__GIVEN DATA__:
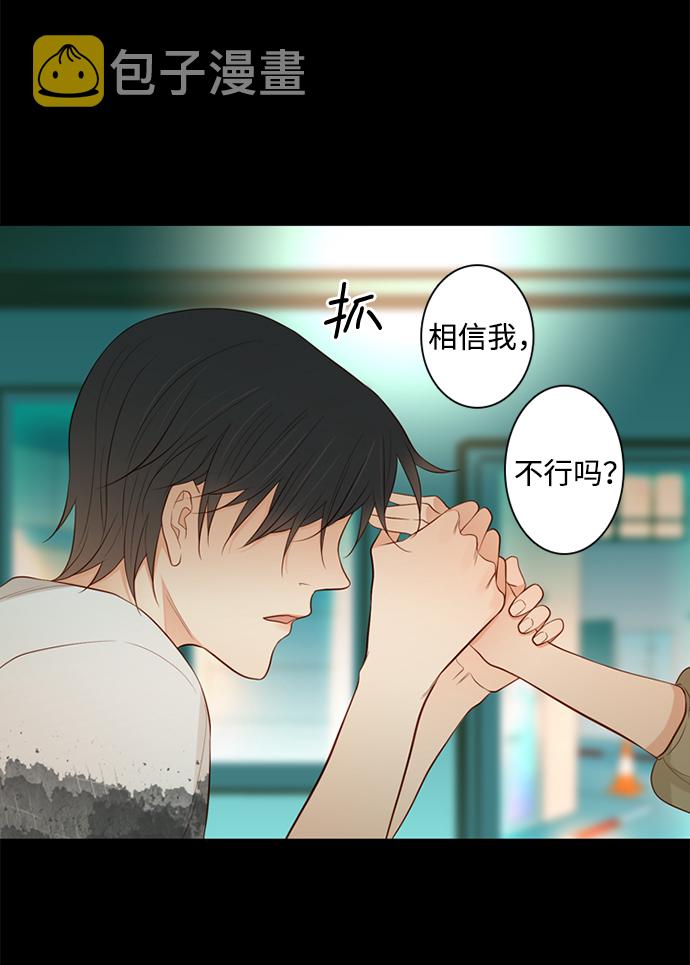 第25小时第21话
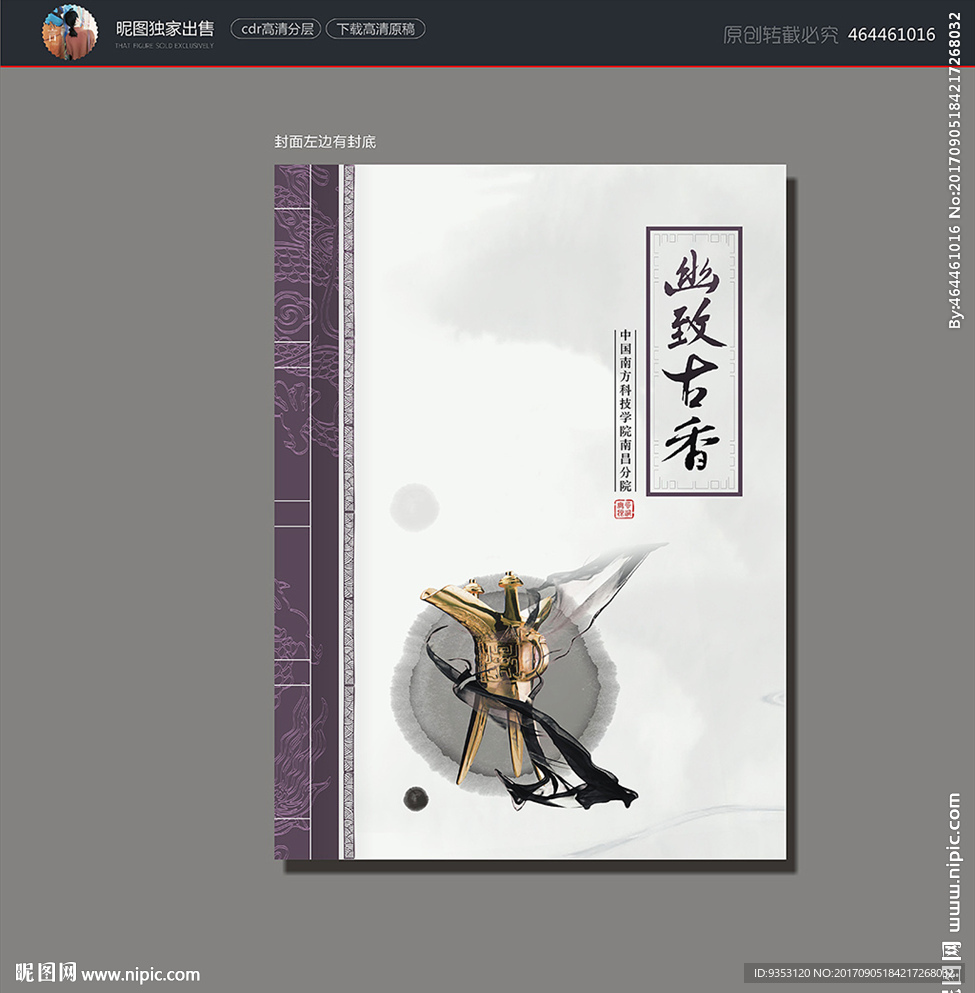 传统封面
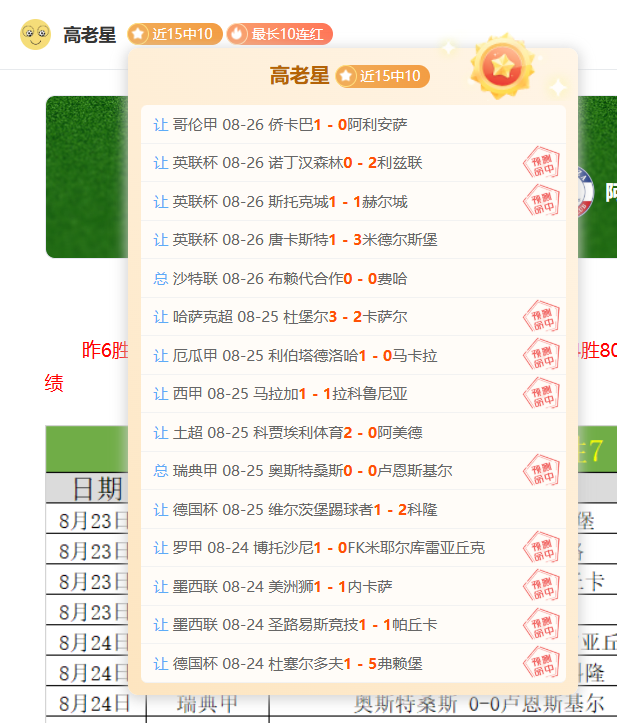 乌克兰边境铁路线遭俄罗斯攻击PT真人娱乐：最新情报解析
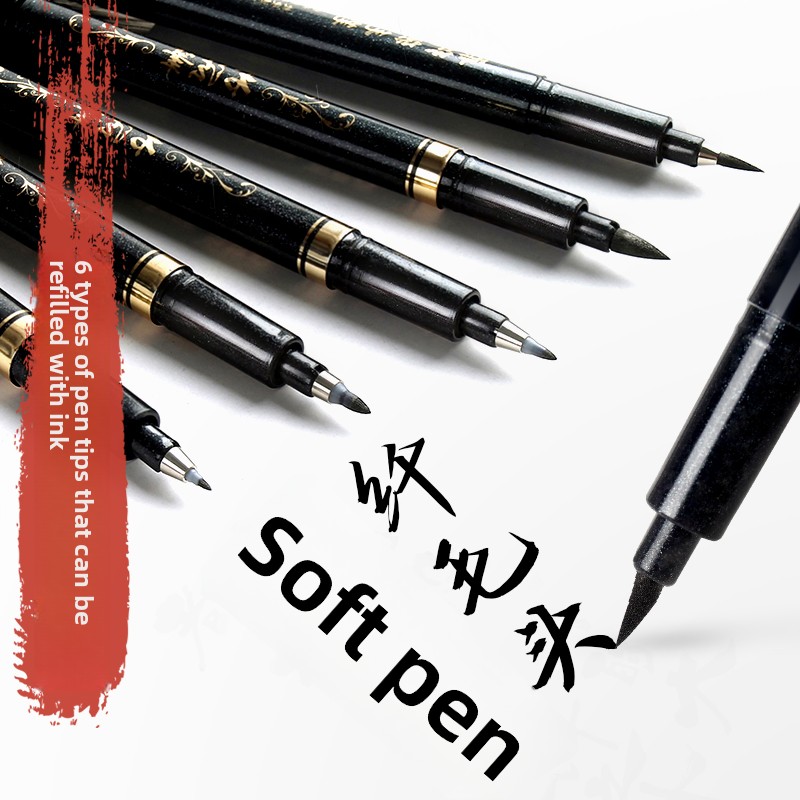 4PCS/SET Calligraphy Art Marke - Office Stationery And Supply avaliação e preço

__TASK DETAILS__: Everything in the listing above must be retyped exactly, except for the pictures.

__ANSWER SPACE__:
 第25小时第21话
 传统封面
 乌克兰边境铁路线遭俄罗斯攻击PT真人娱乐：最新情报解析
 4PCS/SET Calligraphy Art Marke - Office Stationery And Supply avaliação e preço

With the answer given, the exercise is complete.